Jakobson's model of the functions of language distinguishes six elements, or factors of


communication, that are necessary for communication to occur: (1) context,
(2) addresser (sender), (3) addressee (receiver), (4) contact, (5) common code and (6)
message.

The communication functions

Based on the Organon-Model by Karl Bühler, Jakobson distinguishes six


communication functions, each associated with a dimension of the communication
process:

Each factor is the focal point of a relation, or function, that operates between the
message and the factor. The functions are the following, in order:

1. referential (= contextual information) (“The Earth is round”).

2. aesthetic/poetic (= auto-reflection) (“Smurf”).

3. emotive (= self-expression) (“Yuck!”).

4. conative (= vocative or imperative addressing of receiver) (“Come here”).

5. phatic (= checking channel working) (“Hello?”).

6. metalingual (= checking code working) (“What do you mean by ‘krill’?”).
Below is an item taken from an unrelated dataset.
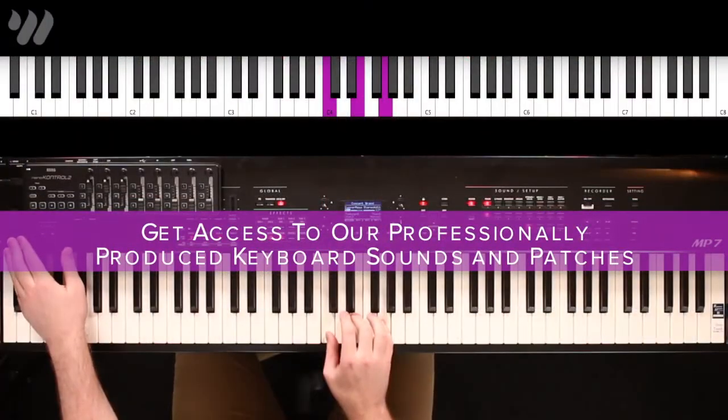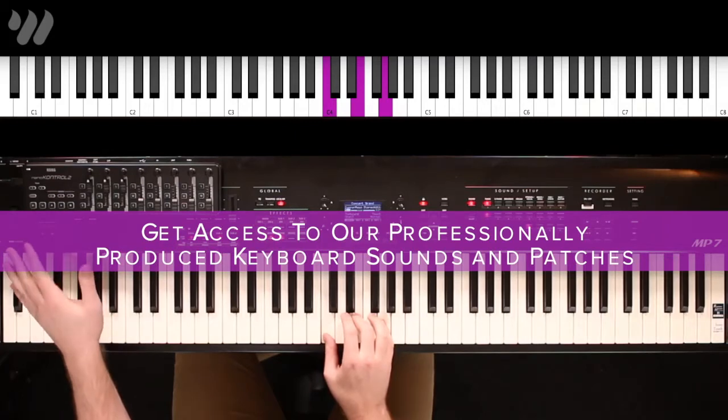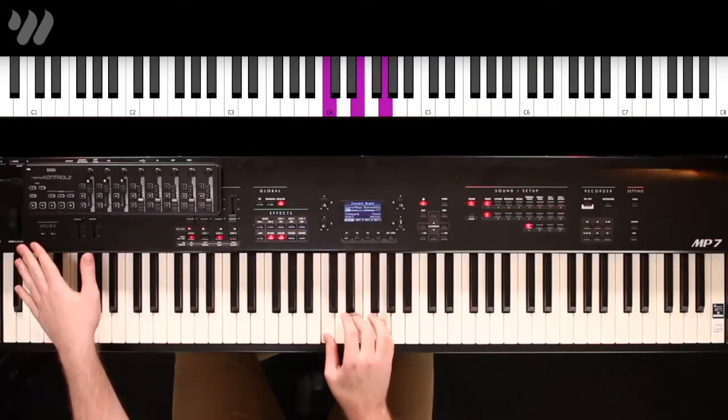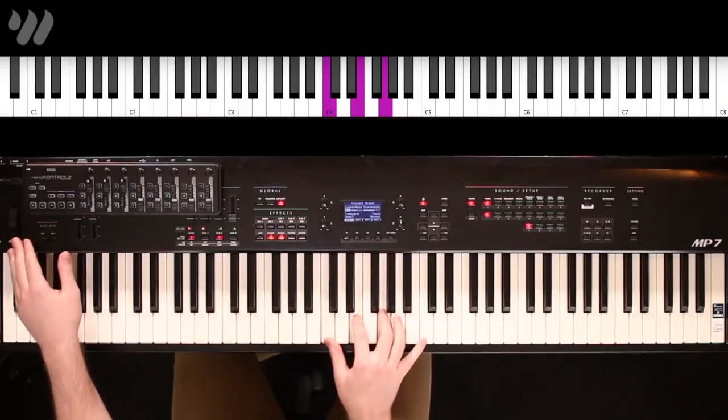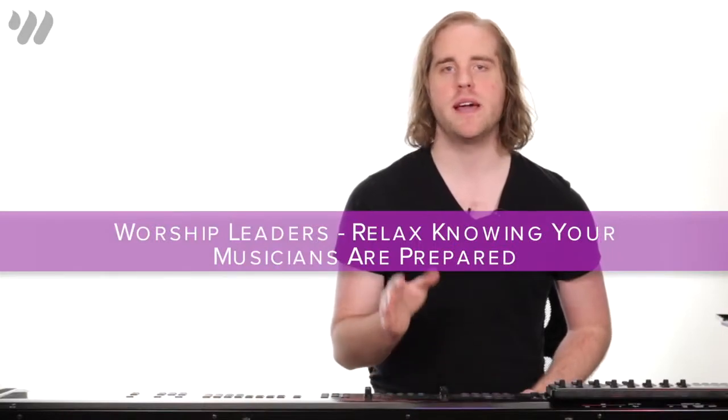With the mod wheel down, you can hear two sounds pretty clearly: the strings pad, and then an eighth note pulsing synth. If I raise the mod wheel, that pulsing synth is going to get brighter, and that chord progression will repeat again.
When we analyze the functions of language for a given unit (such as a word, a text or an
image), we specify to which class or type it belongs (e.g., a textual or pictorial genre),
which functions are present/absent, and the characteristics of these functions, including
the hierarchical relations and any other relations that may operate between them.

One of the six functions is always the dominant function in a text and usually related to
the type of text. In poetry, the dominant function is the poetic function: the focus is on
the message itself. The true hallmark of poetry is according to Jakobson “the projection
of the principle of equivalence from the axis of selection to the axis of combination”.
Very broadly speaking, this implies that poetry successfully combines and integrates
form and function, that poetry turns the poetry of grammar into the grammar of poetry,
so to speak. A famous example of this principle is the political slogan "I like Ike."
Jakobson's theory of communicative functions was first published in "Closing
Statements: Linguistics and Poetics" (in Thomas A. Sebeok, Style In Language,
Cambridge Massachusetts, MIT Press, 1960, pp. 350–377).